Im Markt verschärft Google die Dynamik, die bereits durch KI-Overviews und ähnliche Features eingeleitet wurde. In vielen Fällen berichten Branchenbeobachter, dass die Einführung KI-basierter Antworten die Klickzahlen auf externe Seiten reduziert hat, weil Nutzer weniger häufig auf Publisher-Websites wechseln. Wenn zusätzlich agentische Einkaufs- und Rechercheströme im Hintergrund laufen, verschiebt sich die Wertschöpfung weiter Richtung Suchplattform. Webseitenbetreiber stehen damit vor einem Dilemma: SEO reicht zunehmend nicht mehr, wenn Entscheidungen und Zusammenfassungen direkt in der Suchoberfläche stattfinden. Experten sprechen in diesem Zusammenhang oft davon, dass sich der Fokus von „Traffic“ zu „Intent-Ownership“ verlagert.

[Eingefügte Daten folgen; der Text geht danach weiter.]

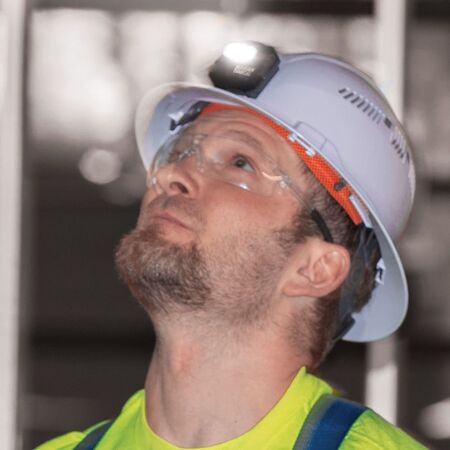 Rechargeable Headlamp with Silicone Strap, 400 Lumens, All-Day Runtime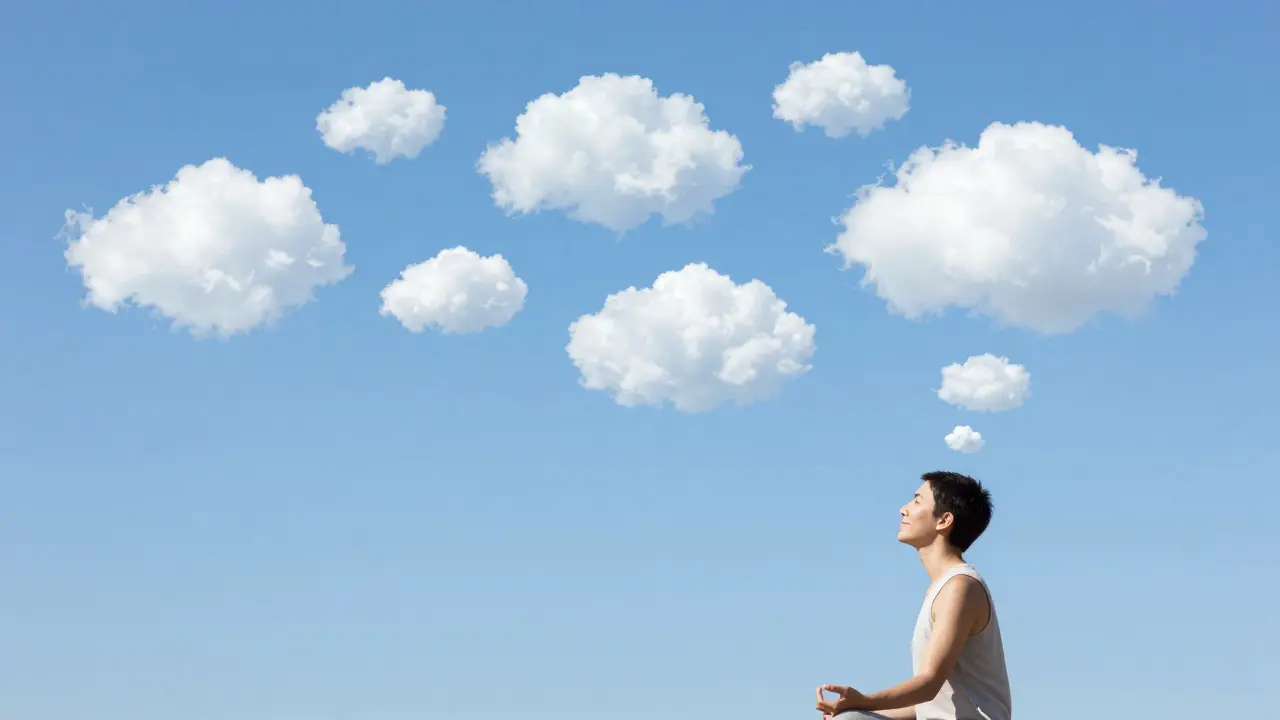 A person meditating while observing thoughts as clouds floating in a blue sky.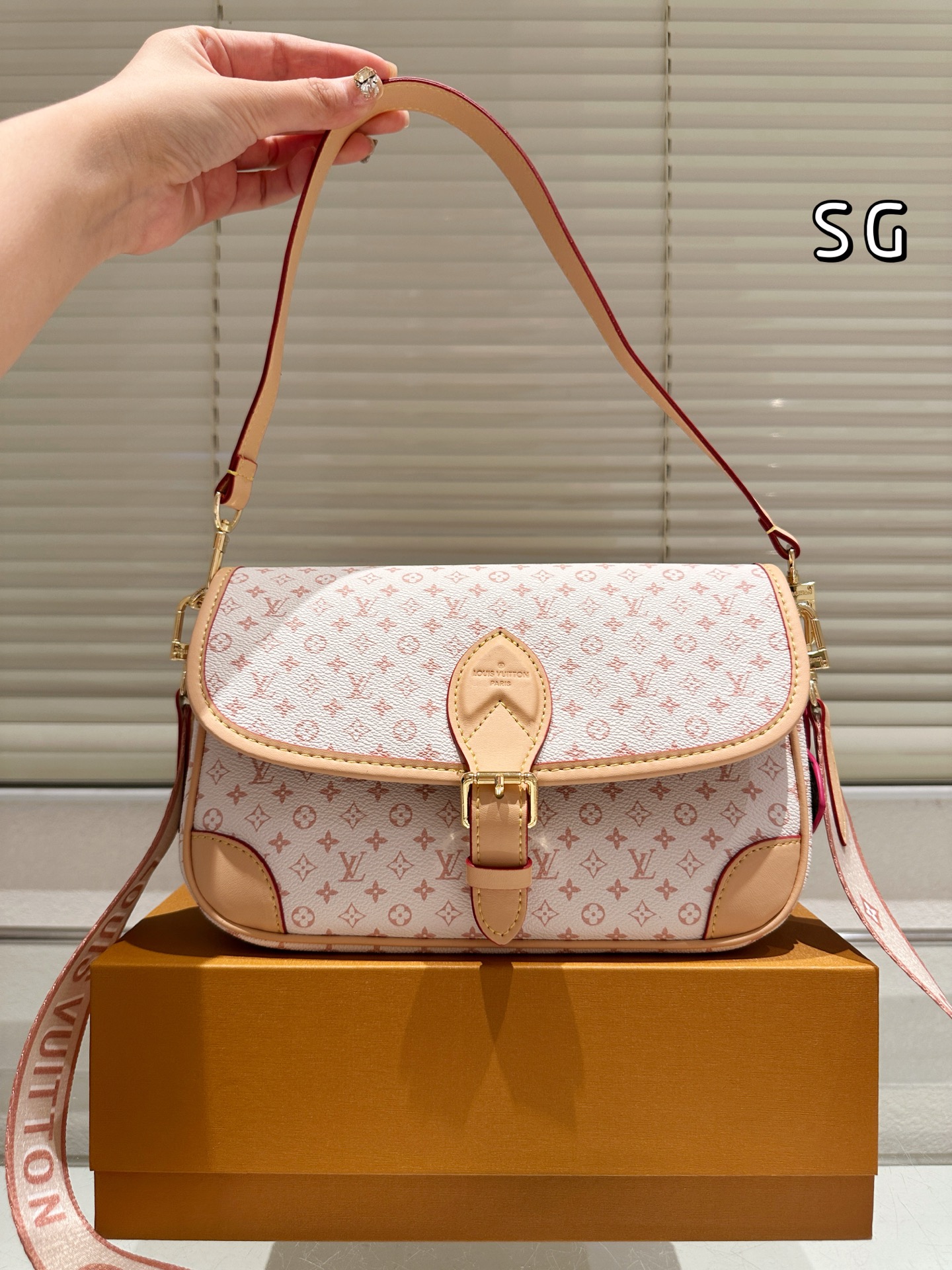 牛皮版本 配挂件 P195 LV nano Diane牛皮腋下法棍包 全钢五金全套礼盒包装 尺寸 18 12cm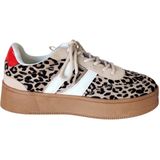 POSH by Poelman - LILLY - Dames Sneakers - Panterprint - Rood Detail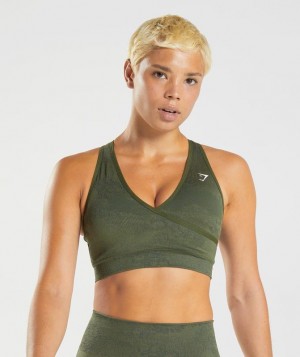 Gymshark Adapt Camo Seamless Sports Bra Sports Bras Olijfgroen | 91XGRKOLB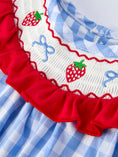 Load image into Gallery viewer, Baby Girls Summer Strawberry Bow Embroidered Smocked Romper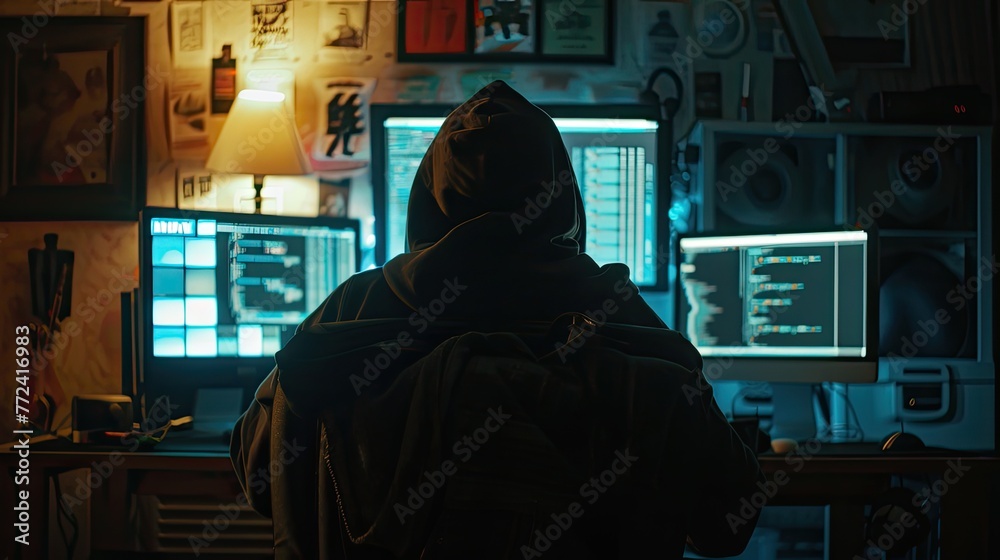 Poster hacker with a hoodie sits in a dark room, typing malicious code on a computer committing cybercrime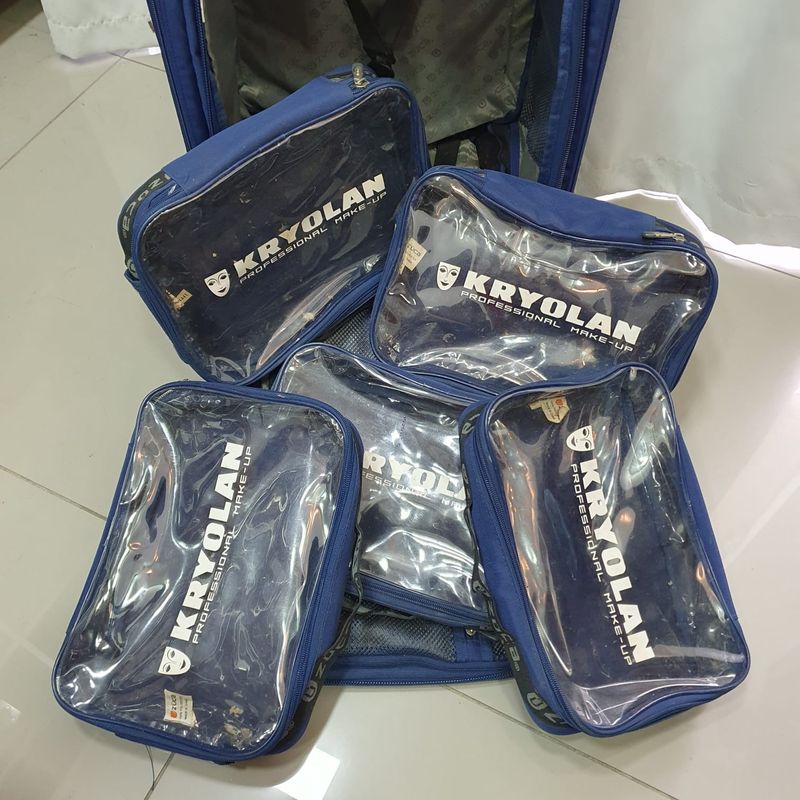 Case Mala Maquiagem Zuca Kryolan Profissional com Capa Kryolan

Die Konkurrenz schläft nicht: Microsoft verfolgt mit Bing und Copilot einen ähnlichen Ansatz, bei dem KI-Antworten und Suchergebnisse enger verzahnt werden. Auch OpenAI treibt mit Modellen, die mit Tools und Datenzugriff kombiniert werden, die Erwartung voran, dass KI in Workflows „mitarbeitet“ statt nur zu chatten. Gegen diese Ansätze setzt Google vor allem auf seine Reichweite, seine Datenbasis im Suchkontext und die Integration in ein breites Produktportfolio. Zeitlich wirkt Googles Vorgehen wie eine Wette auf den Übergang von „Dokumentensuche“ zu „Task-Suche“: Nutzer suchen nicht nach Links, sondern nach Lösungen, Entscheidungen und konkreten nächsten Schritten.
Aus Sicht von Unternehmen ist entscheidend, wie sich Informationsarchitekturen, Messgrößen und Compliance-Anforderungen verändern. Wenn mehr Nutzer in KI-gestützten Zusammenfassungen „stecken bleiben“, verschiebt sich die Wirksamkeit von Content-Marketing und Produktseiten. Gleichzeitig steigen Anforderungen an technische Absicherung: Unternehmen müssen prüfen, wie ihre Inhalte in KI-Systemen verarbeitet werden, wie sich Urheber- und Nutzungsrechte durchsetzen lassen und welche Daten in Agenten-Workflows landen. Datenschutzrechtlich ist relevant, dass agentische Features personenbezogene Präferenzen (etwa Wohnungskriterien oder Einkaufsbudgets) verarbeiten und in intelligente Entscheidungen einfließen. Wer diese Systeme nutzt oder verknüpft, sollte auf Transparenz, Datenminimierung und klare Einwilligungsmechanismen achten.
Für die Zukunft ist eine weitere Integration wahrscheinlich: Ein Suchfeld, das Eingaben flexibel erweitert, und KI-Agenten, die über mehrere Schritte hinweg handeln, könnten mittelfristig zur Standard-UX werden. Für Entwickler eröffnen sich neue Chancen, weil Such- und Content-Services zunehmend als „Werkzeuge“ in KI-Workflows eingebunden werden. Gleichzeitig steigt der Druck auf offene Schnittstellen, damit Unternehmen ihre Produkte verlässlich auffindbar machen können, ohne dauerhaft an Plattformlogiken gebunden zu sein. Branchenanalysten erwarten zudem, dass die Qualität der KI-Ausgaben stärker bewertet wird als die reine Klickraten-Performance, etwa entlang von Korrektheit, Aktualität und Nachvollziehbarkeit. In Summe deutet Googles Roadmap-Signal darauf hin, dass der Wettbewerb künftig weniger um Rankings, sondern stärker um die gesamte Entscheidungsstrecke stattfindet.